Twelve Ukrainians, including three children, were wounded Saturday after Russian forces attacked an apartment block and several houses in the city of Voznesensk, near a key nuclear plant, prosecutors said.
"According to preliminary information, 12 people including three children were injured. Two children are in a serious condition," the prosecutor's office said on Telegram.
Regional governor Vitaly Kim had earlier said on Telegram that nine people were injured, including four children aged between three and 17, and were "all in serious condition".
Voznesensk is located about 20 kilometres (12 miles) from the nuclear plant at Pivdennoukrainsk, Ukraine's second largest, and 70 kilometres from Mykolaiv, the regional capital.
A Russian strike in the 30 kilometre zone around the plant "is another cynical act of nuclear terrorism by Russia", Ukraine's nuclear operator Energoatom wrote on Telegram.
"It cannot be ruled out that this missile was fired in the direction of the Pivdenukrynsk power station which the Russian military already tried to seize in early March."
The strikes hit an apartment building and several homes in the city, which is home to 30,000 people, the emergency services said on Facebook, showing a badly damaged building.
The region, at the forefront of the war, suffers regular strikes.
"Voznesensk.
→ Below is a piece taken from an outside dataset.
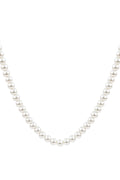 Sweetie pearl necklace-12mm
The terrorist country called Russia hit a residential building," presidential chief of staff Andriy Yermak said on Telegram.
The Ukrainian army meanwhile said they had downed four Kalibr high-precision sea-launched cruise missiles fired from the Black Sea near the central city of Dnipro.
Ivan Fedorov, the exiled mayor of Melitopol, a city in the Kherson region which has been occupied by Russia, said the Ukrainian army had bombed a Russian military base in the city.
The Ukrainian army meanwhile reported Russian attacks in the eastern Donetsk region -- which has been partially controlled by Russian proxies since 2014 -- saying "fighting is continuing".